Quant à Blanqui, je ne connais pas celui-là, et je déclare que je n’ai jamais lu une seule ligne de lui. Je n’ai donc pas le droit d’en parler. Je ne le connais que par quelques partisans de ses principes qui prêchent une république forcenée, des actes de rigueur effroyables, quelque chose de cent fois plus dictatorial, arbitraire et antihumain que ce que nous subissons aujourd’hui. Est-ce là la pensée de Blanqui ? est-ce une fausse interprétation donnée par ses adeptes ? Avant de juger Blanqui, je voudrais le lire ou l’entendre ; ne le connaissant que par des on dit, je ne me permettrais jamais de le traduire devant l’opinion socialiste ou non socialiste.
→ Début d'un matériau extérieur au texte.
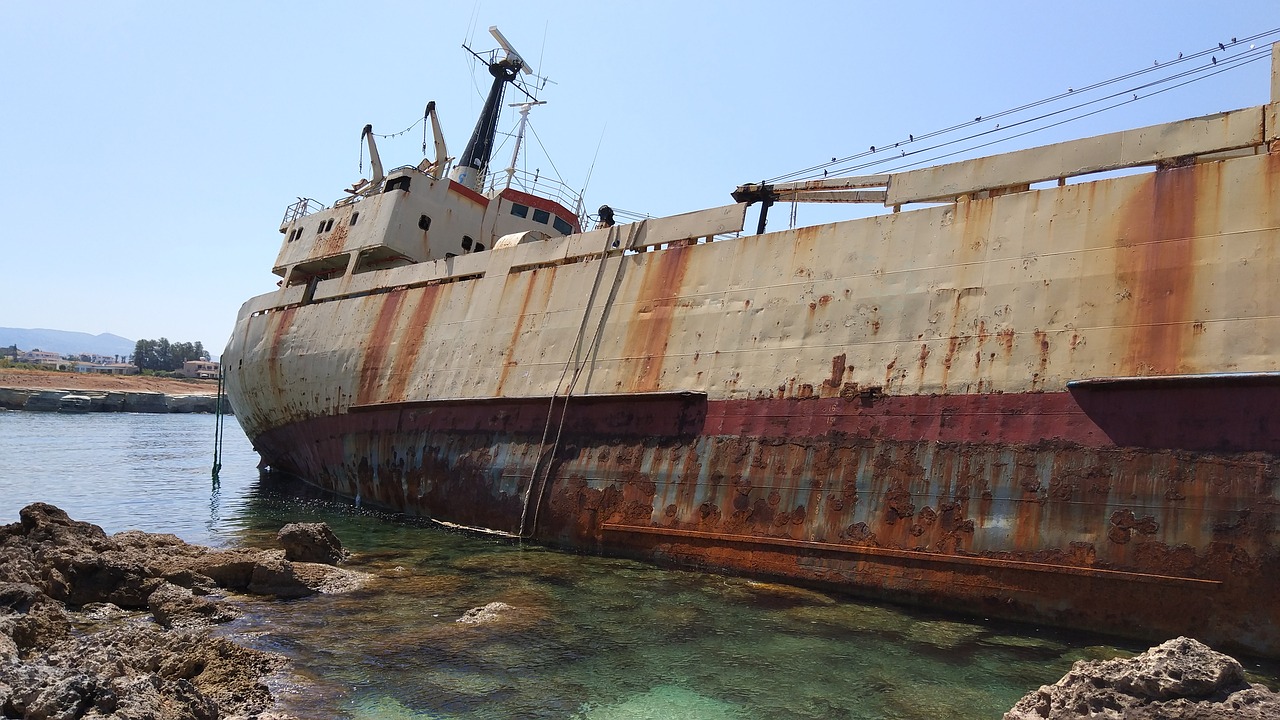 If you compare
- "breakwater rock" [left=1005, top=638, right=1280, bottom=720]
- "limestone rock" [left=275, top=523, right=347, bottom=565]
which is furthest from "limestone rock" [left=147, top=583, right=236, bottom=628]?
"breakwater rock" [left=1005, top=638, right=1280, bottom=720]

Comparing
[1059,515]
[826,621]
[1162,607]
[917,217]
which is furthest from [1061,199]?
[826,621]

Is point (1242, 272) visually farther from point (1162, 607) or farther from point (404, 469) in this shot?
point (404, 469)

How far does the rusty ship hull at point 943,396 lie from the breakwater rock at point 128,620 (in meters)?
3.50

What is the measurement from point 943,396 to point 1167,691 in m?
4.06

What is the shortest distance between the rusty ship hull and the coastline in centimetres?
4166

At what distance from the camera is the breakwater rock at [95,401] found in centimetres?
4812

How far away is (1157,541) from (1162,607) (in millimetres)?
500

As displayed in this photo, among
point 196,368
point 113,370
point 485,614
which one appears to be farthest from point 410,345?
point 196,368

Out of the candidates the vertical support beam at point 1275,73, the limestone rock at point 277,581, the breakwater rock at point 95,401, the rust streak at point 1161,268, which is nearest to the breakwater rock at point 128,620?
the limestone rock at point 277,581

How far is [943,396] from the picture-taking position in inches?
285

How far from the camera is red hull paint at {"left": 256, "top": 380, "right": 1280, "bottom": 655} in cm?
575

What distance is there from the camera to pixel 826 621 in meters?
6.47

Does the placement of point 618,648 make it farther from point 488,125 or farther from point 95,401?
point 95,401

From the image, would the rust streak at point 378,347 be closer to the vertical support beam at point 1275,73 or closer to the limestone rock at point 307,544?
the limestone rock at point 307,544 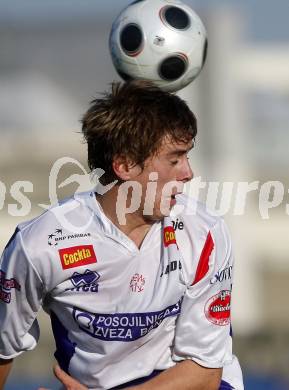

J’ignore si vous êtes mieux renseigné que moi. Mais, s’il est homme d’action, de combat et de conspiration comme on le dit, qu’il soit ou non socialiste, vous ne devez pas le renier comme combattant, vous qui voulez des combattants avant tout.

Plus j’examine ces diverses écoles, moins je vois qu’aucune d’elles en particulier mérite d’avoir été accusée par un homme aussi juste, aussi bon, aussi impartial que vous, d’avoir perdu la France par le matérialisme.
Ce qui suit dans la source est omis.